“If it can be arranged,” I interpolated.
“It can be arranged,” he replied emphatically. “I will attend to the financial part, and arrange affairs with both an American and an English publisher.”
Sometimes life is very generous. It walks in and says, “Here, I want you to do a certain thing,” and it proceeds to arrange all your affairs for you. I felt curiously at this time as though I was on the edge of a great change. When one turns forty and faces one’s first transatlantic voyage, it is a more portentous event than when it comes at twenty.
I shall not soon forget reading in a morning paper, on the early ride downtown the day we sailed, of the suicide of a friend of mine, a brilliant man. He had fallen on hard lines, his wife had decided to desert him, he was badly in debt. I knew him well, I had known his erratic history. Here on this morning when I was sailing for Europe in the flush of a momentary literary victory, he was lying in death. It gave me pause. It brought to my mind the Latin phrase, “Memento mori.” I saw again, right in the heart of this hour of brightness, how grim life really is. Fate is kind or it is not. It puts you ahead or it does not. If it does not, nothing can save you. I acknowledge the Furies. I believe in them. I have heard the disastrous beating of their wings.
When I reached the ship, it was already a perfect morning in full glow. The sun was up, a host of gulls were on the wing, an air of delicious adventure enveloped the great liner’s dock at the foot of Thirteenth Street. Did ever a boy thrill over a ship as I over this monster of the seas?

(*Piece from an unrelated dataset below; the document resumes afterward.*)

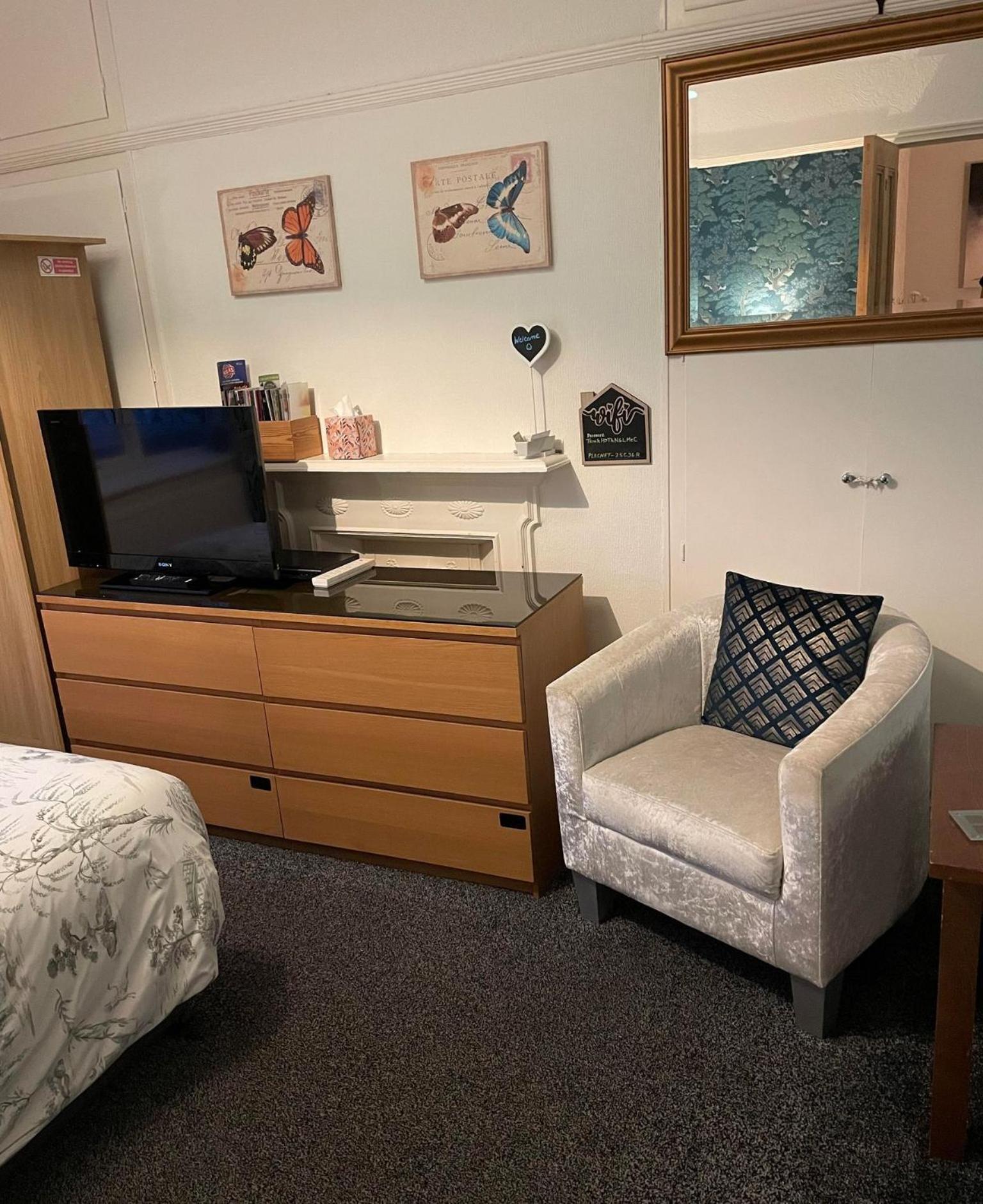 Double Room Private Bathroom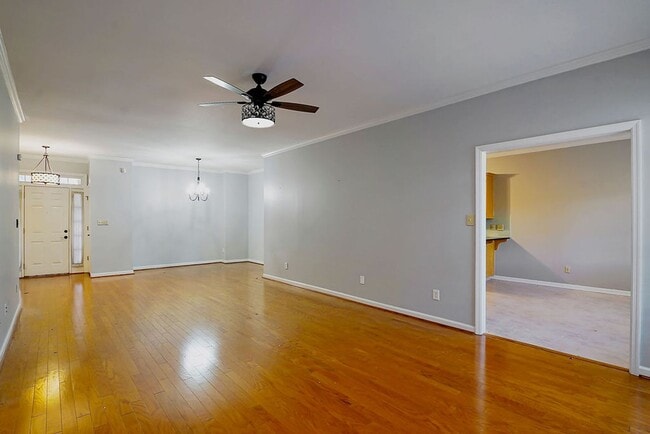 Building Photo - Convenient 3BR/2BA in Homewood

In the first place, even at this early hour it was crowded with people. From the moment I came on board I was delighted by the eager, restless movement of the throng. The main deck was like the lobby of one of the great New York hotels at dinner-time. There was much call on the part of a company of dragooned ship-stewards to “keep moving, please,” and the enthusiasm of farewells and the inquiries after this person and that were delightful to hear. I encountered G. finally and exchanged greetings, and then perforce soon found myself taken in tow by him, for he obviously wanted to instruct me in all the details of this new world upon which I was now entering.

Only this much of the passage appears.